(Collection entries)
═══

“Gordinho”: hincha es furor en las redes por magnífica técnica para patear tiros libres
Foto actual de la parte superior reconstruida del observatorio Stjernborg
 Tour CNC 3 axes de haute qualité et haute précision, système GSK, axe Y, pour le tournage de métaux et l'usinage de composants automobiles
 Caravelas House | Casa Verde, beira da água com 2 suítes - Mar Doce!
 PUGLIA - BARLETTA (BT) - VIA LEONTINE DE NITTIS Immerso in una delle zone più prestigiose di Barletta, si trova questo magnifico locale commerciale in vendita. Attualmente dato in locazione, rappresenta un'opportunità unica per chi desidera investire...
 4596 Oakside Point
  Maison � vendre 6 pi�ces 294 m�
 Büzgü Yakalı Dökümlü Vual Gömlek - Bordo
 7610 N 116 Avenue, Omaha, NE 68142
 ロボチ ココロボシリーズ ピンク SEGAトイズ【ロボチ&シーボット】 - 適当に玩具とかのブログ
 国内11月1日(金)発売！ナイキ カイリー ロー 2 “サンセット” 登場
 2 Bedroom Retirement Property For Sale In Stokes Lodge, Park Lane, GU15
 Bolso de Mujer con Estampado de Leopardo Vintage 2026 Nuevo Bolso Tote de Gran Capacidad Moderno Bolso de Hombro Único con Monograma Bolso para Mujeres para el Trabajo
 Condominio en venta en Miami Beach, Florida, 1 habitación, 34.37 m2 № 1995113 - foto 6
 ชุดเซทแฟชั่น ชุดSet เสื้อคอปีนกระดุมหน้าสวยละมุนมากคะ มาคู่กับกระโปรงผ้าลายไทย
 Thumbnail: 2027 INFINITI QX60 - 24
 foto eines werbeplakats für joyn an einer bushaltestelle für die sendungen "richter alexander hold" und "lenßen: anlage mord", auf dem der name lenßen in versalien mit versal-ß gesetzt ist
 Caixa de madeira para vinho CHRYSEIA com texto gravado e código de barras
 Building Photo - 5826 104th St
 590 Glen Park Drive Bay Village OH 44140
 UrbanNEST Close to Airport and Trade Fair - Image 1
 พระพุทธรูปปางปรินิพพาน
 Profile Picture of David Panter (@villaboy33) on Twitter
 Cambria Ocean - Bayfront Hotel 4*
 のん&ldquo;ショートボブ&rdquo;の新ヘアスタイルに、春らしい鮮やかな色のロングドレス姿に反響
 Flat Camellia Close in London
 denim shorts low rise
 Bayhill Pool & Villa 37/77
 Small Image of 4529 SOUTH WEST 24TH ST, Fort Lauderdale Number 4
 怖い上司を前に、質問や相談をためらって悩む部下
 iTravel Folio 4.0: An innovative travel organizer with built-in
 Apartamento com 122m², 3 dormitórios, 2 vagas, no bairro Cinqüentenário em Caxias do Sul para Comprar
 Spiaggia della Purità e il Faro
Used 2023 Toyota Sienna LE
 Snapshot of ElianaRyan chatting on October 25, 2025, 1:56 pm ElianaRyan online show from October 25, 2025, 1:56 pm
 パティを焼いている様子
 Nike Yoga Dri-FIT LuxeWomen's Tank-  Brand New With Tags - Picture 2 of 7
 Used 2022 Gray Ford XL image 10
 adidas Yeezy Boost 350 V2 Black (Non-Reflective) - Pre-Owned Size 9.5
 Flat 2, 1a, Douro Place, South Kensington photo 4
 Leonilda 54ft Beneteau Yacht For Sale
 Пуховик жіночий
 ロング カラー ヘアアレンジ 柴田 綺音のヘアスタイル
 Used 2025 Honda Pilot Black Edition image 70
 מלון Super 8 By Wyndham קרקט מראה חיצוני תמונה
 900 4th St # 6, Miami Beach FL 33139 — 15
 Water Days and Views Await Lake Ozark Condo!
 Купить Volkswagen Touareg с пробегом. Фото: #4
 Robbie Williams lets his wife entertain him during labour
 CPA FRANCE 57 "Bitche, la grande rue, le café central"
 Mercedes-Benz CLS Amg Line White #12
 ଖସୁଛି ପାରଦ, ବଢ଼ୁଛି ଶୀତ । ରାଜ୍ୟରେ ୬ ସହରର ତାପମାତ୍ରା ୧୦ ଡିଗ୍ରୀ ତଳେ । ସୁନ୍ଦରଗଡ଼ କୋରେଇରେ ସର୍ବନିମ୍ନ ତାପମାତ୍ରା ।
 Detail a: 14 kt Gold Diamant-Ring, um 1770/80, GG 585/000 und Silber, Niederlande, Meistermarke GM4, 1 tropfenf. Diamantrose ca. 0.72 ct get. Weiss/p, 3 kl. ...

═══

● **Brief**: Nothing but the lines from the one with "Snapshot of ElianaRyan" through the last line of the data should appear; print them exactly.

● **Output of the task**:
 Snapshot of ElianaRyan chatting on October 25, 2025, 1:56 pm ElianaRyan online show from October 25, 2025, 1:56 pm
 パティを焼いている様子
 Nike Yoga Dri-FIT LuxeWomen's Tank-  Brand New With Tags - Picture 2 of 7
 Used 2022 Gray Ford XL image 10
 adidas Yeezy Boost 350 V2 Black (Non-Reflective) - Pre-Owned Size 9.5
 Flat 2, 1a, Douro Place, South Kensington photo 4
 Leonilda 54ft Beneteau Yacht For Sale
 Пуховик жіночий
 ロング カラー ヘアアレンジ 柴田 綺音のヘアスタイル
 Used 2025 Honda Pilot Black Edition image 70
 מלון Super 8 By Wyndham קרקט מראה חיצוני תמונה
 900 4th St # 6, Miami Beach FL 33139 — 15
 Water Days and Views Await Lake Ozark Condo!
 Купить Volkswagen Touareg с пробегом. Фото: #4
 Robbie Williams lets his wife entertain him during labour
 CPA FRANCE 57 "Bitche, la grande rue, le café central"
 Mercedes-Benz CLS Amg Line White #12
 ଖସୁଛି ପାରଦ, ବଢ଼ୁଛି ଶୀତ । ରାଜ୍ୟରେ ୬ ସହରର ତାପମାତ୍ରା ୧୦ ଡିଗ୍ରୀ ତଳେ । ସୁନ୍ଦରଗଡ଼ କୋରେଇରେ ସର୍ବନିମ୍ନ ତାପମାତ୍ରା ।
 Detail a: 14 kt Gold Diamant-Ring, um 1770/80, GG 585/000 und Silber, Niederlande, Meistermarke GM4, 1 tropfenf. Diamantrose ca. 0.72 ct get. Weiss/p, 3 kl. ...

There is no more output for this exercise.